Each record needs to be retyped exactly, though its pictures should not appear.

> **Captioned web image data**
((

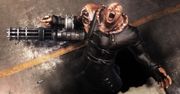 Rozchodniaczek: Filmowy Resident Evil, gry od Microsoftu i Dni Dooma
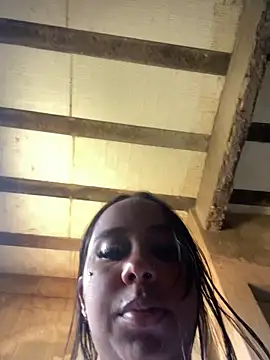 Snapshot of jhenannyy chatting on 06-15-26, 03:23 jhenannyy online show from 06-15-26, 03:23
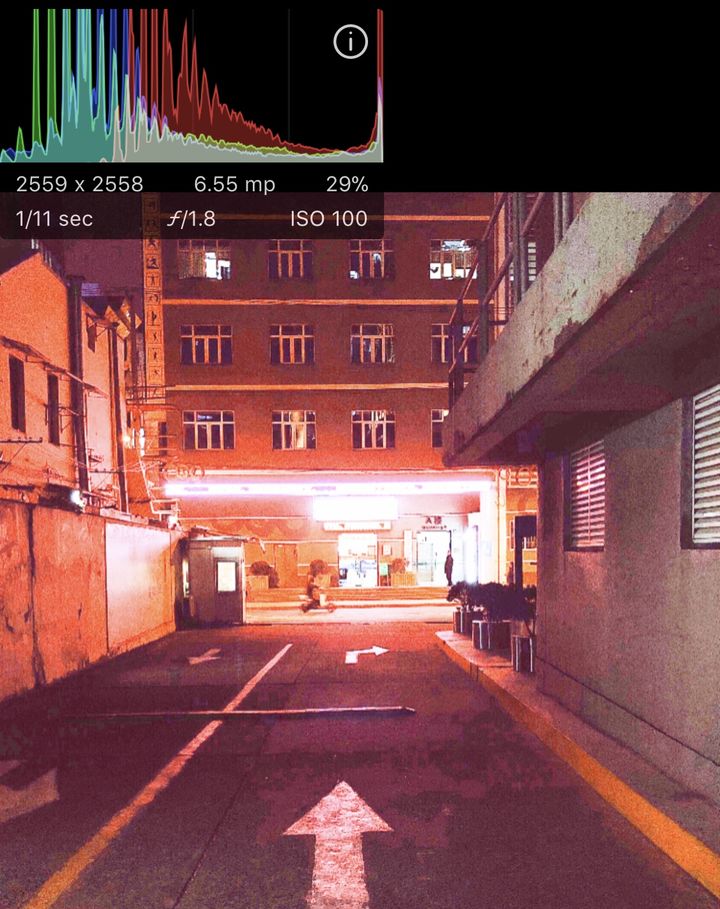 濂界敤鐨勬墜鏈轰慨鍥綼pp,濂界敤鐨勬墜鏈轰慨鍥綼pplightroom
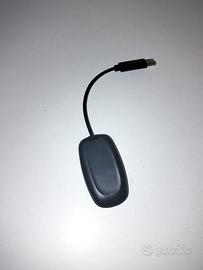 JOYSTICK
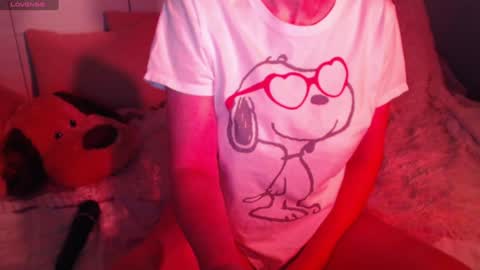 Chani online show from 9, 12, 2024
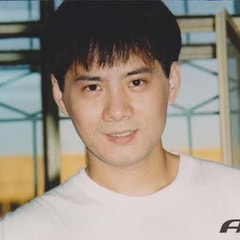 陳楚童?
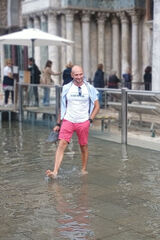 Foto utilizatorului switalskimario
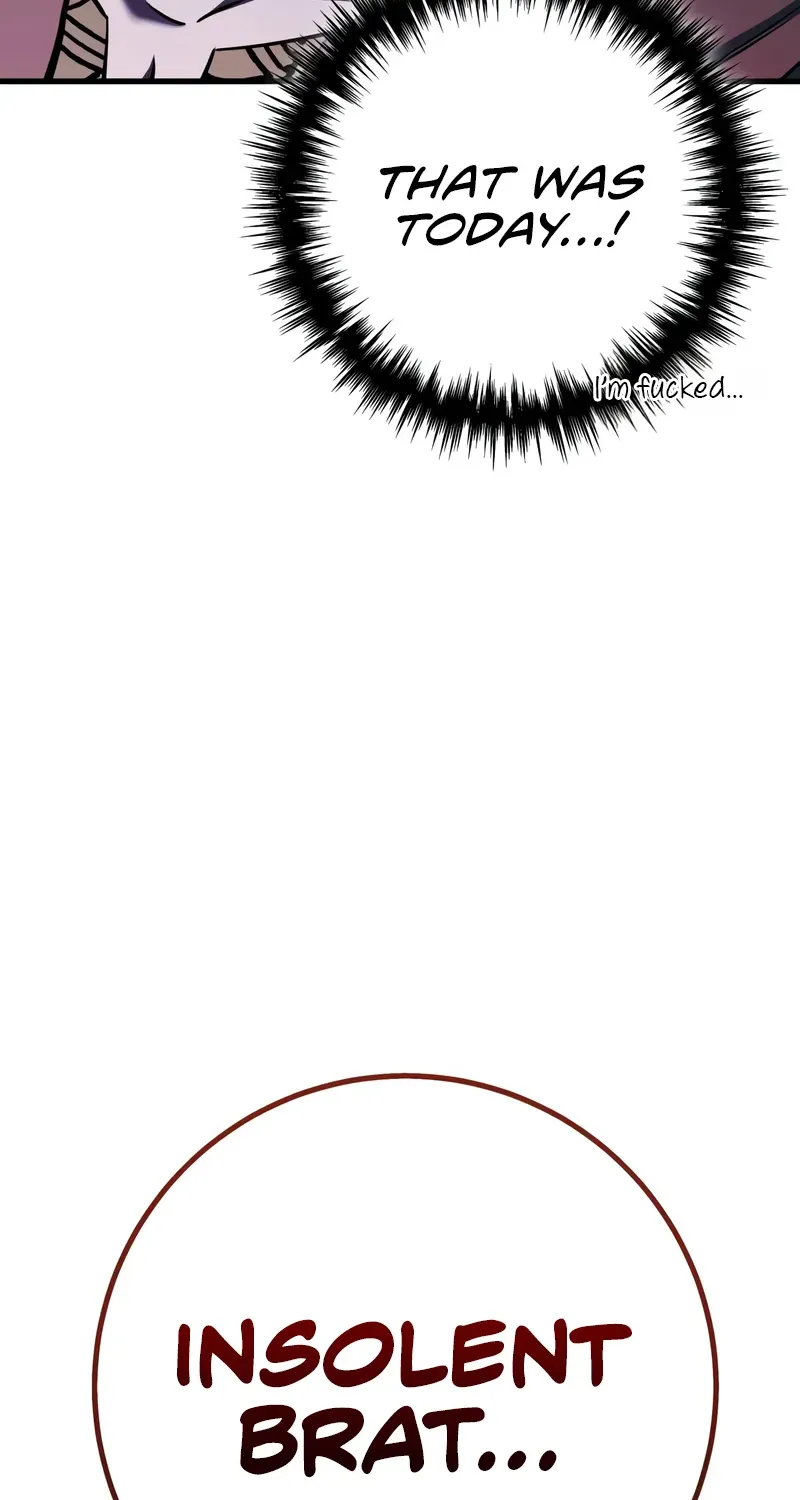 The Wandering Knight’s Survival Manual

))

> **Your response**
 Rozchodniaczek: Filmowy Resident Evil, gry od Microsoftu i Dni Dooma
 Snapshot of jhenannyy chatting on 06-15-26, 03:23 jhenannyy online show from 06-15-26, 03:23
 濂界敤鐨勬墜鏈轰慨鍥綼pp,濂界敤鐨勬墜鏈轰慨鍥綼pplightroom
 JOYSTICK
 Chani online show from 9, 12, 2024
 陳楚童?
 Foto utilizatorului switalskimario
 The Wandering Knight’s Survival Manual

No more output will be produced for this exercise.